From 1986 through 2001, Defendants co-owned property located at 82 Harborview West, Lawrence, New York which they used as the family's residence. (Compl. ¶¶ 24-25.) In 2001, Defendants sold that home for approximately $781,000 and used the proceeds of the sale towards purchasing the Syosset Property for approximately $995,000. (Compl. ¶¶ 28-30.) The Syosset Property was purchased solely in Mrs. Cohan's name, "even though it could not have been purchased by Mrs. Cohan but for the contribution of funds belonging to Mr. Cohan." (Compl. ¶ 32.) Further, although the property was in Mrs. Cohan's name, the mortgage, property taxes, and/or insurance payments were made "in whole or in part" from bank accounts owned exclusively by Mr. Cohan or jointly with Mrs. Cohan which contained the proceeds of his fraudulent schemes. (Compl. ¶¶ 18, 33.) The couple resided there together until Mr. Cohan was incarcerated in 2010. (Compl. ¶ 31.)

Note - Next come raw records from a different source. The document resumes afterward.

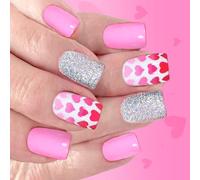 24Pieces Valentine Glitters False Nails Heart Design Artificial Nails ABS Build for Party Date Short Square Fake Sine Glossy Design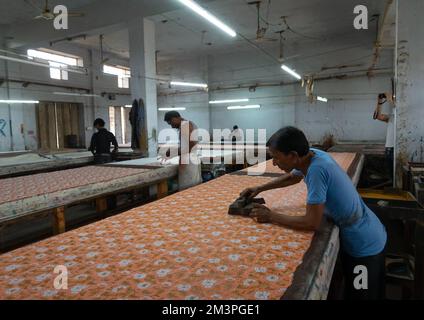 Block printing workshop, Rajasthan, Jaipur, India Stock Photo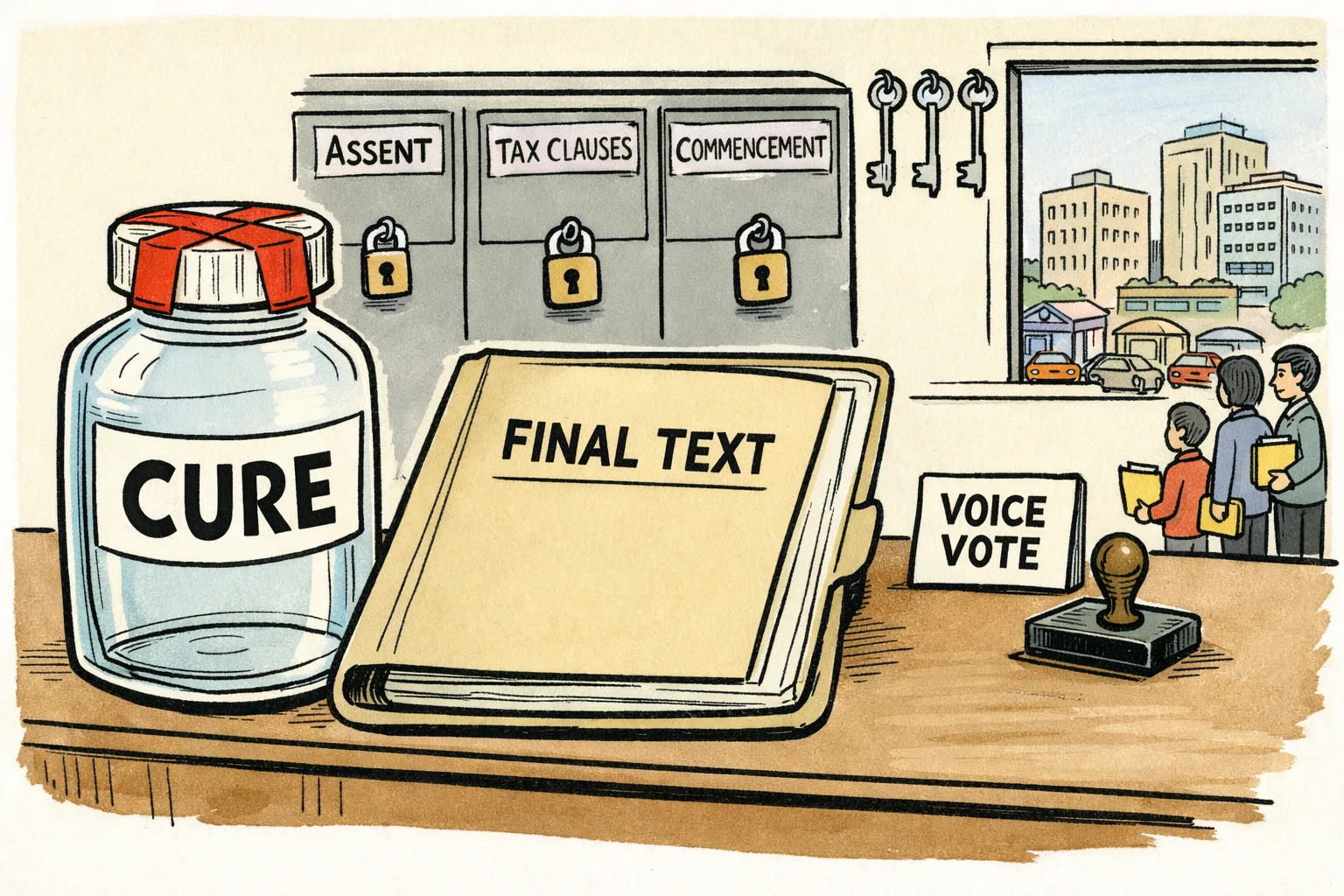 An empty medicine bottle marked CURE sits beside a blank final document folder, while locked filing cabinets labelled assent, tax clauses and commencement stand behind it.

B. The West Palm Beach Property

In or around 2006, Defendants purchased the West Palm Beach Property, in part, by obtaining a mortgage in the amount of $411,000 and, in part, through a remortgage/refinance and/or home equity loan on the Syosset Property. (Compl. ¶¶ 35-37.) Similar to the Syosset Property, the West Palm Beach Property was purchased solely in Mrs. Cohan's name, "even though it could not have been purchased by Mrs. Cohan but for the contribution of funds belonging to Mr. Cohan." (Compl. ¶ 38.) Further, although the property was in Mrs. Cohan's name, the mortgage, property taxes, and/or insurance payments were made "in whole or in part" from the bank accounts owned exclusively by Mr. Cohan or jointly with Mrs. Cohan which contained the proceeds of his fraudulent schemes. (Compl. ¶ 39.)

IV. The Present Action

On April 20, 2012, State Farm commenced the present action against Defendants, seeking: (1) a declaration that the Syosset and West Palm Beach Properties, although titled in Mrs. Cohan's name, actually belong to Mr. Cohan, (2) the imposition of a constructive trust on the properties in favor of State Farm, and (3) a directive that the properties be delivered to the United States Marshal to be sold at a public auction, with the proceeds to be used in whole or part to satisfy State Farm's judgment against Mr. Cohan. In the alternative, State Farm seeks an equitable reformation of the deeds of the properties to reflect joint ownership by State Farm and Mrs. Cohan.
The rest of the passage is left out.